Par Philippe GRANGEREAU, Libération, 10 janvier 2007
Le professeur Mark Denbeaux et son fils Josuah, tous les deux avocats à Newark, ont pris en 2005 la défense de deux «combattants illégaux» tunisiens détenus à Guantanamo : Rafik al-Hami et Mohammed Rahman. «Ils ont été transférés à Guantanamo probablement à la fin de l'année 2002. Mais ils n'en sont pas sûrs car il est impossible à quelqu'un placé en isolement d'avoir la notion du temps», expliquent les avocats. Ils ne peuvent pas parler à leurs clients au téléphone, mais ils leur ont rendu visite en août 2005 et en juin 2006.

«Seigneur». «La première fois que nous les avons vus, l'un comme l'autre étaient enchaînés au sol de la pièce destinée aux entretiens. C'était pathétique. Une caméra filmait notre conversation. Les gardes nous ont assuré qu'ils n'enregistraient pas le son, mais cela reste à démontrer.» «Nous savons peu de chose sur eux... Nos clients ne nous font pas confiance.
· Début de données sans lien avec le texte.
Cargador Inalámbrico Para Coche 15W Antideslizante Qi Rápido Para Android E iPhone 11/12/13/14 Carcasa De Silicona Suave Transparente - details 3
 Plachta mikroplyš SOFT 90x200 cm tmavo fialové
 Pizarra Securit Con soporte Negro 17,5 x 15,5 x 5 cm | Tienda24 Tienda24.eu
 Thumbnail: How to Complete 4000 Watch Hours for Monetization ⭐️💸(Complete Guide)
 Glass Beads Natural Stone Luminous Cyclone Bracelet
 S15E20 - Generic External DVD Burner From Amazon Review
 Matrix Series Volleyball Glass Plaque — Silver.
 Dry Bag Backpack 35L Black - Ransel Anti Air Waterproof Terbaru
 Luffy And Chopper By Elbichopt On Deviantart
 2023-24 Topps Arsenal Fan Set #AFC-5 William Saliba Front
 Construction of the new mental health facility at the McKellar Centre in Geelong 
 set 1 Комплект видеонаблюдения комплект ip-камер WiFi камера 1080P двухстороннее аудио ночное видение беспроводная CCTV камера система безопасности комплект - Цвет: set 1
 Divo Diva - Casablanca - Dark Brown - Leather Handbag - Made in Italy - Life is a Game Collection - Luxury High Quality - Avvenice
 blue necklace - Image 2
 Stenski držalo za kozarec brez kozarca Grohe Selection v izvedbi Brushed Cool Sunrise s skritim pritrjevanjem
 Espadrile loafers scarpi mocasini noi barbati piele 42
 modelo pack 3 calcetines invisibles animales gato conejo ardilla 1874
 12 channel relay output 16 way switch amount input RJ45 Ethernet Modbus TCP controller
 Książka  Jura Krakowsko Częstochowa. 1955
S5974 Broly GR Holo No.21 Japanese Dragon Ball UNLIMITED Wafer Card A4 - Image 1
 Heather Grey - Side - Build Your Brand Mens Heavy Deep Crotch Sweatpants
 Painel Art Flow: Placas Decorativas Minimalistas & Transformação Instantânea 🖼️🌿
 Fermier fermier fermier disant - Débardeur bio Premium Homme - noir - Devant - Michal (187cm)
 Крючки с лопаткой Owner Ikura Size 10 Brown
C'est dur de leur parler. Il est presque impossible de les convaincre que nous allons les aider en agissant contre notre gouvernement.» Mohammed Rahman, selon ses avocats, a été vendu à l'armée américaine (qui offrait des récompenses) «par une sorte de seigneur de guerre pakistanais». Il a des problèmes cardiaques qui, selon ses défenseurs, ne sont pas soignés. Il a été déclaré «ennemi combattant» car il aurait été en contact avec une personne «terroriste» ou «qui devrait être considérée comme un "combattant ennemi"», selon les autorités. «Le gouvernement est convaincu que Rahman n'est pas un "combattant ennemi", mais il le garde parce qu'il ne sait pas quoi faire de lui», affirme Josuah Denbeaux. Rahman refuse d'être rapatrié en Tunisie. «C'est un homme brisé, qui a perdu tout espoir. La première fois que nous l'avons vu, il était content. Même s'il nous considérait sans doute comme des interrogateurs, la conversation que nous avons eue avec lui rompait avec la routine hideuse de sa détention. J'ai réussi à le faire rire en lui rapportant la mise en garde que je venais de recevoir d'un lieutenant. Celui-ci m'avait affirmé qu'il était courant de voir les prisonniers jeter leurs excréments à la face de leurs interlocuteurs. Ce mensonge était si débile qu'il a éclaté de rire. Mais lors de notre dernière visite; en juin 2006, Rahman ne nous regardait pas et ne voulait pas parler.» Rafik al-Hami était, quant à lui, détenu dans une prison en Iran, avant d'être livré par Téhéran aux autorités américaines, sans doute en 2001. Il aurait été détenu à Kaboul pendant un an. «Il dit avoir été torturé alors qu'il était détenu en Afghanistan, mais il ne sait pas s'il s'agissait de la CIA, de militaires américains, d'employés de compagnies privées employés par l'US Army ou d'Afghans, rapporte Mark Denbeaux. Le gouvernement l'accuse d'une seule chose, d'avoir été dans un camp d'entraînement militaire en Afghanistan sous le régime taliban. Mais cela ne fait pas de lui un terroriste. Et comment le gouvernement a-t-il obtenu cette information ? Qui ont-ils torturé pour obtenir cette information, peut-être fausse ?»
«Découragés». «Bien sûr, ni l'un ni l'autre ne seront jugés. Le gouvernement n'a tout simplement pas la moindre preuve contre eux», estime Josuah Denbeaux. «Nous allons finir par gagner, pense Mark Denbeaux, et j'espère que mes clients vivront jusqu'au jour où ils se verront restituer leurs pleins droits. Les choses avancent lentement et ils sont très découragés. Il est difficile de les convaincre qu'il y a un espoir, au bout de cinq ans de détention et sans promesse du gouvernement qu'ils seront jugés un jour.»
La défense de leurs clients est devenue plus symbolique que réelle depuis qu'une loi adoptée par le Congrès américain, le 28 septembre, interdit aux «combattants illégaux» tout recours devant des tribunaux civils. Ils ne peuvent être jugés que par des instances militaires spéciales, avec l'assistance d'un avocat militaire et, s'ils le souhaitent, d'un avocat privé. A l'instar des autres avocats américains qui représentent quelque 300 détenus de Guantanamo, Mark et Josuah Denbeaux ont fait appel de cette décision devant un tribunal du district de Columbia, et la Cour suprême sera sans doute amenée à statuer. Guantanamo, pour ces deux militants du droit, «est un désastre politique enfanté par nos politiciens, qui ont fait de terribles erreurs et se refusent à l'admettre».